Je montais alors par le raidillon aux orties, les jambes démangeantes arrivée en haut, pour me trouver devant une petite maison à colombages, engloutie sous la végétation. Je secouais une cloche enfouie dans les feuillages, tentant de deviner des silhouettes dans la cuisine qu’ambrait une fausse lampe à pétrole, de jour comme de nuit. Mamie ouvrait la porte. Deux petits cockers noirs et blancs accouraient pour frotter mes mollets.
On ne posait aucune question là non plus, jamais.
J'étais venue, voilà. Ni désirée, ni rejetée. J'étais incluse, immédiatement absorbée par la colline aux minuscules bassins transparents, sous la paillote où l'on boit du vin blanc, où l'on mange du saucisson, et où l'on joue aux boules. Dans la verdure insolente, dans les minuscules allées sableuses qui grimpent au flanc du vallon, je pouvais m’aventurer, sauter, plonger les mains dans l'eau verte pour saisir les poissons, tremper mes lèvres dans l'alcool (ce qui déclenchait des rires), me remplir de cacahuètes... Ici c'était la liberté.
Ma marraine était belle, belle comme dans les films, comme une actrice américaine qui sent bon et dont les cheveux blonds de lune recourbent sur les épaules, dont le petit nez adorable pointe le regard vers les lèvres en bonbon... Je cherche sa voix dans ma mémoire, oui cette voix comme un grelot qui rit...
Elle croisait toujours les pans de son chemisier blanc en un nœud qui enserrait sa taille étroite. Sa gorge se nacrait sous les perles bleutées et dorées. Son jean arrondissait ses hanches et plongeait dans des bottes de cowgirl.
Ma marraine était une fée, un ange, toujours une apparition. 
Je la surprenais parfois attablée au jardin, ou binant le dessous d’un buisson, avec son époux Pierrot (que j'aurais trouvé beau si notre fée n'irradiait tant), taillant un rosier, ôtant les fleurs sèches. Dans ce paradis-là, il traînait toujours des petits tas ratissés attendant d'être ramassés.
On s'égosillait souvent avec Roger, père de Nisou et Père Noël à la barbe blanche, à la chemise de flanelle à carreaux et aux bretelles : « Elle avait des bagues à chaque doigt, des tas de bracelets autour des poignets, et puis elle chantait avec une voix qui sitôt m'enjôla... » Sans jamais avoir besoin de se le dire, on célébrait toujours la naissance de Nisou, comme Sandro Botticelli celle de Vénus.
Je redescendais chaque fois ivre de mon périple, cueillant une herbe, suçotant son jus sucré et âcre, sachant que je devrais taire mon voyage auprès de ma sirène. 
Pourquoi ?
C'est à ma tante qu’il me fallait demander la permission, mais c'est devant mon oncle que je devais sceller ma bouche.
Que pouvait-il donc redouter de la chaumière qui fumait là-haut ?
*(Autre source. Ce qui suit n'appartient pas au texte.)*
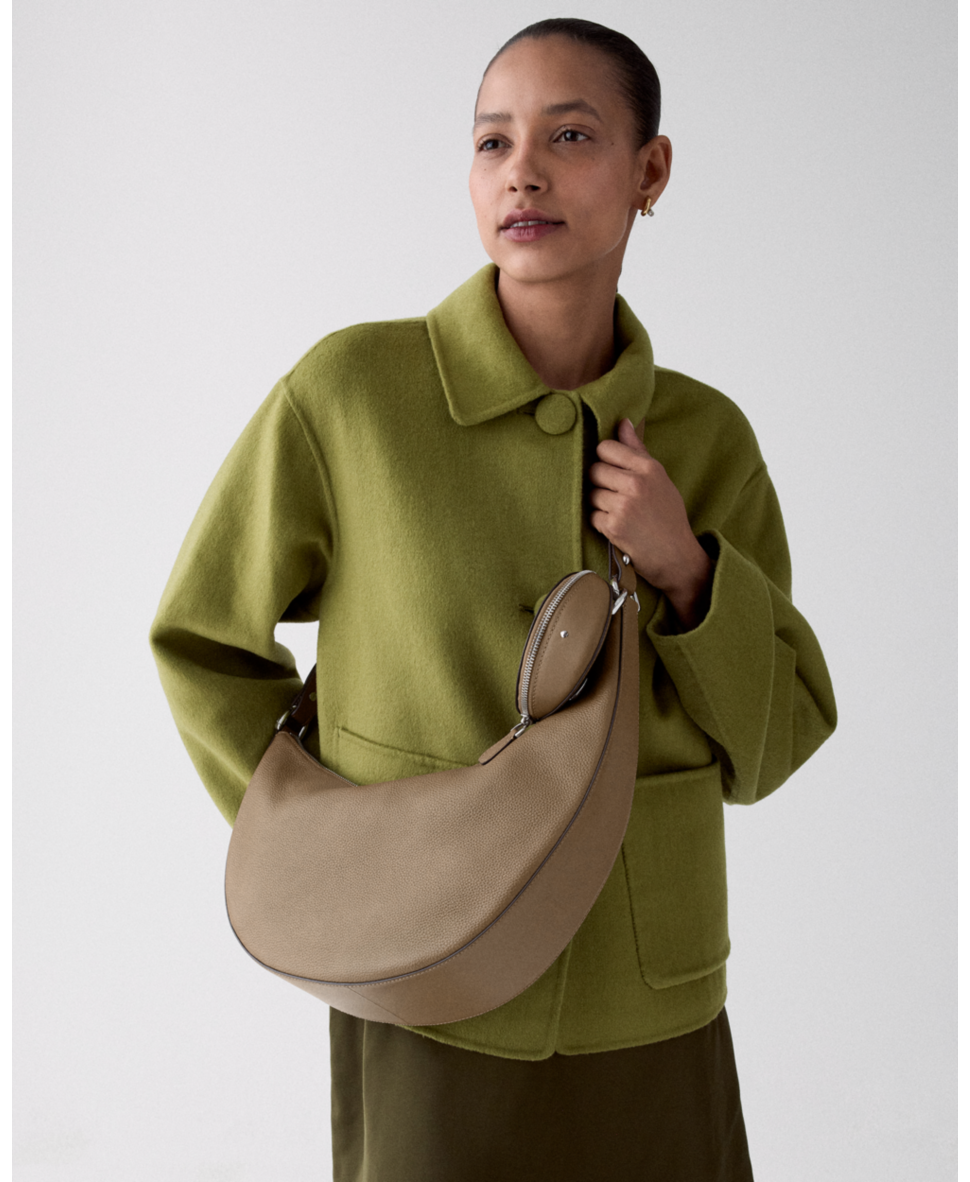 Duo Large Crossbody Bag
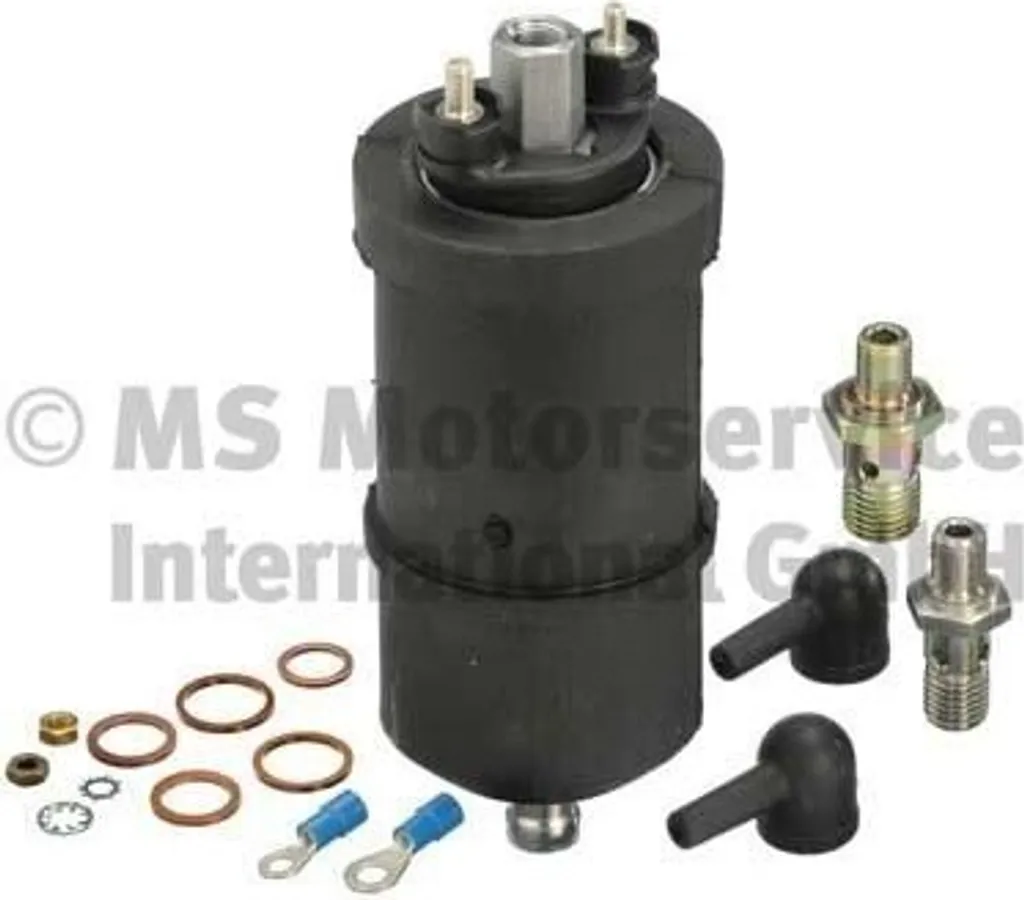 Pompe à carburant anti-panne pour VW Golf 3 et Polo 6N moteur essence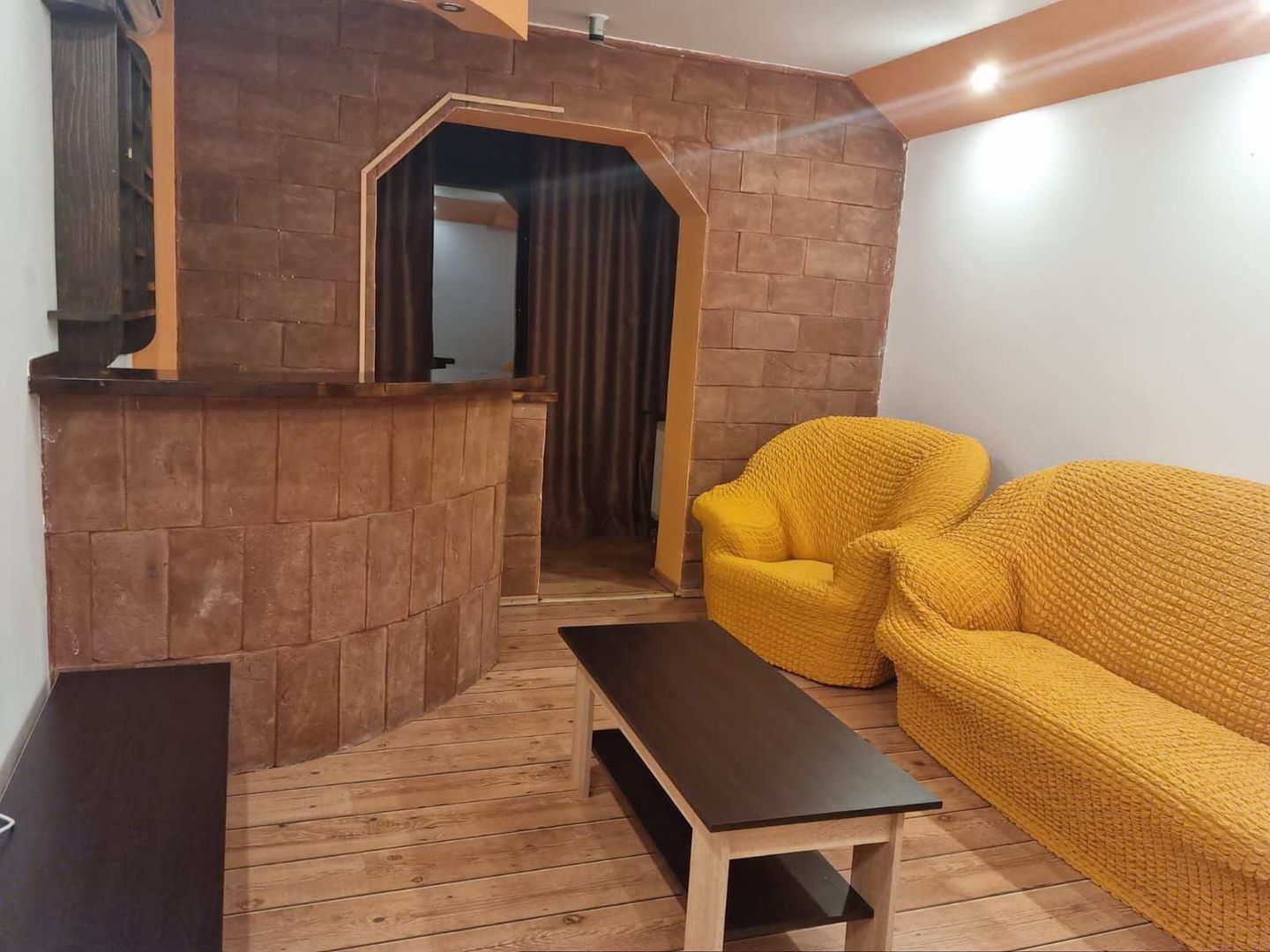 Apartament 3 camere -Barbu Lautaru - Poză 2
Je commençais à comprendre que l’accoutrement des adultes présentait des trous, de grandes poches enfouies dans les pans de leurs vies, au sujet desquelles ils étaient tacitement d’accord de ne jamais se questionner.
Si tous ces personnages avaient été réunis à mon baptême, neuf ans plus tôt, que s’était-il passé depuis ? Pourquoi ne se fréquentaient-ils plus ?
Ces mondes incohérents à plus d’un titre et qui n’en finissaient pas de converger en moi, allaient diverger jusqu’à la mort, et j’étais impuissante devant cette dérive.

C’est dans le pavillon en meulière de Villennes-sur-Seine, aux hautes moquettes pure laine, toujours chauffé au maximum supportable, aux moulures de plâtre grimpant jusqu’aux plafonds, que j’entendis que si l’oncle Marcel exerçait maintenant dans la distribution de métal, il venait de vendre sa charcuterie de Saint-Germain-en-Laye. Un charcutier ! Je compris mieux alors cette bouche ouverte qui aspire de l’air pour davantage sentir le goût, et je conçus un dégoût pour cette vulgarité.
Quant à Nisou, qui vivait justement à Saint-Germain-en-Laye, dans une maison de ville fort ancienne aux recoins soignés, habillée des meilleures trouvailles de leur magasin d’antiquités, aux parquets admirablement cirés par la bonne (Maria – what else ? –), c’est chez elle, à la même période, que là encore je reçus un choc. Je surpris un chuchotement et cet univers dégringola en moi… Pierrot était éboueur. Oui, ça gagnait autant qu’un ingénieur !

Ainsi dans ces deux maisons, on se soumettait à l’argent et au mensonge, au jeu du clinquant et de l’apparence, et on niait les trébuchements. On aimait ici le ski à Courchevel et le ski nautique aux Andelys, et on aimait là le cheval monté à l’américaine, les meubles de prix, les bijoux rares.
On m’offrit dans la première la chevalière en or à mes initiales pour ma communion solennelle, on m’avait donné dans l’autre la précieuse dinette en porcelaine d’un siècle passé.
Tous ces étendards, qu’aucun questionnement ne devait troubler, claquaient dans le souffle de cette bourgeoisie d’après-guerre.
Je restai longtemps l’esprit soufflé de ces découvertes, tendue dans les contradictions des « grandes personnes », dans ce dédale aux tournants abrupts, dans cette marée obscure que rien n’éclairait.
Mais un jour, on donna une fête pour les soixante ans de mon oncle Marcel, en Normandie.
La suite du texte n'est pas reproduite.